**ASSIGNMENT:**
Go through the data and copy each line where the word "Plus" shows up.

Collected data

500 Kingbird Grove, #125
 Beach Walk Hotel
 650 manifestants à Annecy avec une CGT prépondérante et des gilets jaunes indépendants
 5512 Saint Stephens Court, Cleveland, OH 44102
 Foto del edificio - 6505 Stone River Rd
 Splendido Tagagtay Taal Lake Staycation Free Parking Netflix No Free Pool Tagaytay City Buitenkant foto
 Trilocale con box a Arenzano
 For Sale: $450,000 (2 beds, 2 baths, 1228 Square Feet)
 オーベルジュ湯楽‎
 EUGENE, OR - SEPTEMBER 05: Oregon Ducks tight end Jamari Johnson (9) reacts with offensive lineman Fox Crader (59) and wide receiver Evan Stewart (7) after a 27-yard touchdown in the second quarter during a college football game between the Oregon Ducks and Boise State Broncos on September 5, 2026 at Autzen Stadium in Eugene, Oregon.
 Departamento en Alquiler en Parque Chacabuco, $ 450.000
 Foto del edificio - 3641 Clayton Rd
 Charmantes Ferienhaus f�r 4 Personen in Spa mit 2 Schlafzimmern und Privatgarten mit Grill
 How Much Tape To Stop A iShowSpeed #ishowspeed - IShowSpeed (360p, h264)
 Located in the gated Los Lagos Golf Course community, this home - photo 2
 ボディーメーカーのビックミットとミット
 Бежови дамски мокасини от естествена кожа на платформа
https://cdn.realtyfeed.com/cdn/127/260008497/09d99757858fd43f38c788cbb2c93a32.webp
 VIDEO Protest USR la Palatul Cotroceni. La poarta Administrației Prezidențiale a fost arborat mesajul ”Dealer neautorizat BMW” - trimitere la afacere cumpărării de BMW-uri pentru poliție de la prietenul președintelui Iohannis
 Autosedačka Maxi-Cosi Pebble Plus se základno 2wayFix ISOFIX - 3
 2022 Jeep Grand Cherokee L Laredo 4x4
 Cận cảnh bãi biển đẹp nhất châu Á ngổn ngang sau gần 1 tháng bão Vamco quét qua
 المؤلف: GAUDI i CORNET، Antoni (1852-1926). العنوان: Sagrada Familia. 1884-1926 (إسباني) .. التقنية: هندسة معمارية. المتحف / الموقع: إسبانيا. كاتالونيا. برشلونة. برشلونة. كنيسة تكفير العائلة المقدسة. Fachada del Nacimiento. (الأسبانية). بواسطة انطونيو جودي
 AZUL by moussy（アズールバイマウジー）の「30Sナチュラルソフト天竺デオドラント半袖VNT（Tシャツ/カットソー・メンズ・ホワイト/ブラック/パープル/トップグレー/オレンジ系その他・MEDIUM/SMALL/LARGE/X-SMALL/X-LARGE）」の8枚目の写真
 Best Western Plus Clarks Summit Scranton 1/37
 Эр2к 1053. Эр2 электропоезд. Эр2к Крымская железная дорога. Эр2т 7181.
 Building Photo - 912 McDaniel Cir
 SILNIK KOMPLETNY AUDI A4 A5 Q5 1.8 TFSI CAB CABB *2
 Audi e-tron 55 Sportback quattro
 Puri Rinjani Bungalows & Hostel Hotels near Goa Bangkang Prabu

**TASK SOLUTION:**
 Autosedačka Maxi-Cosi Pebble Plus se základno 2wayFix ISOFIX - 3
 Best Western Plus Clarks Summit Scranton 1/37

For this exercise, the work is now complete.